They say there’s a grain of truth in every joke and that may well turn out to be the case with Suzuki’s long-wished for Jimny bakkie.
On April 1 this year Suzuki Auto South Africa posted a rendering of a Jimny with a load bed on its social media platforms as an apparent April Fool’s Day gag.
Suzuki Australia’s general manager Michael Pachota has confirmed that a Jimny ute could certainly see the light of day.
“Anything that starts with Jimmy ends in sales,” Pachota told Australian media, as reported by CarSales.
“The project, I would say, is not dead,” he said when quizzed about the possibility of a pick-up.
“Imagine a Jimny with two seats at the front and nothing at the back?”
Rumours of a Jimny bakkie have been swirling ever since the current-generation SUV surfaced in 2018, and the carmaker even went as far as showing a concept version at that year’s Tokyo Auto Salon.
However, that vehicle would not have made practical sense as it was based on the three-door Jimny and as a result had a very small cargo area.
However, the recently introduced five-door Suzuki Jimny with its 340mm-longer wheelbase, appears to make a lot more sense as a basis for the Jimny bakkie as the April 1 ‘joke’ rendering illustrates all too well.
Although it will never fill the shoes of other small bakkies like the recently departed Nissan NP200, due to the Jimny’s expensive 4x4 hardware, a Jimny bakkie would certainly fill an interesting niche.
And like the Aussie exec stated, the Jimny badge basically prints money.
Hybrid and EV Jimnys on the cards
Apart from the long-rumoured pick-up, the Jimny family is also set to expand to include ‘new energy’ variants.

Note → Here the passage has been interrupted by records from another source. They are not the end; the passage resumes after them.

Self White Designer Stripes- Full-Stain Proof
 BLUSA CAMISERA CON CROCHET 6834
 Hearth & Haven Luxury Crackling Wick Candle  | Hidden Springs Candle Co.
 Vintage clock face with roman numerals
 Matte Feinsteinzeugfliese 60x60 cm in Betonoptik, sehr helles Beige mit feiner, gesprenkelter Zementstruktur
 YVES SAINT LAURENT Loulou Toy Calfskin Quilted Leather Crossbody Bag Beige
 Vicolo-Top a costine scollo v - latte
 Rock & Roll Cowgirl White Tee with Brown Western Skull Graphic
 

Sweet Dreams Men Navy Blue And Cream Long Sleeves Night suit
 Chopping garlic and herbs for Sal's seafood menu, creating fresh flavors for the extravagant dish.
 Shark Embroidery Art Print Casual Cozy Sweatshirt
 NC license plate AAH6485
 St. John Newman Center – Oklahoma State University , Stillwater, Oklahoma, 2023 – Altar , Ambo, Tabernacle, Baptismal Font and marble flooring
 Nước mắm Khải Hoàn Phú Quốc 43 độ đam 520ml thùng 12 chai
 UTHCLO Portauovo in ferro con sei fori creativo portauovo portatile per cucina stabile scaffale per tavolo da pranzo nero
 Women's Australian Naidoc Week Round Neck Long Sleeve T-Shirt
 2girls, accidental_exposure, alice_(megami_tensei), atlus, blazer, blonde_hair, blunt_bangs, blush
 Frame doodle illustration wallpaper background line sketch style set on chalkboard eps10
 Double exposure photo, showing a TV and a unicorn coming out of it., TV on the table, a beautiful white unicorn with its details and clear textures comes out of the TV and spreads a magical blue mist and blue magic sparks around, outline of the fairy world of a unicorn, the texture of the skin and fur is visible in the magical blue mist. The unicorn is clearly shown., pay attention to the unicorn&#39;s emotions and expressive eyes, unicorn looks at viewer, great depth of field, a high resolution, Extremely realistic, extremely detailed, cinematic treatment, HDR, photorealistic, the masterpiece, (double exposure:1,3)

Suzuki has already indicated that a fully-electric version of the Jimny will debut by 2030 as one of five new battery powered vehicles that will be aimed at the European market.
CarSales says a hybrid version of the Jimny is also an inevitable addition to the coming years, likely arriving with the model’s first facelift, although there’s no word on specific powertrain details at this stage.
A hybrid is something Suzuki is likely working on with urgency though, given that the currently 1.5-litre petrol engine no longer meets emissions standards in some markets.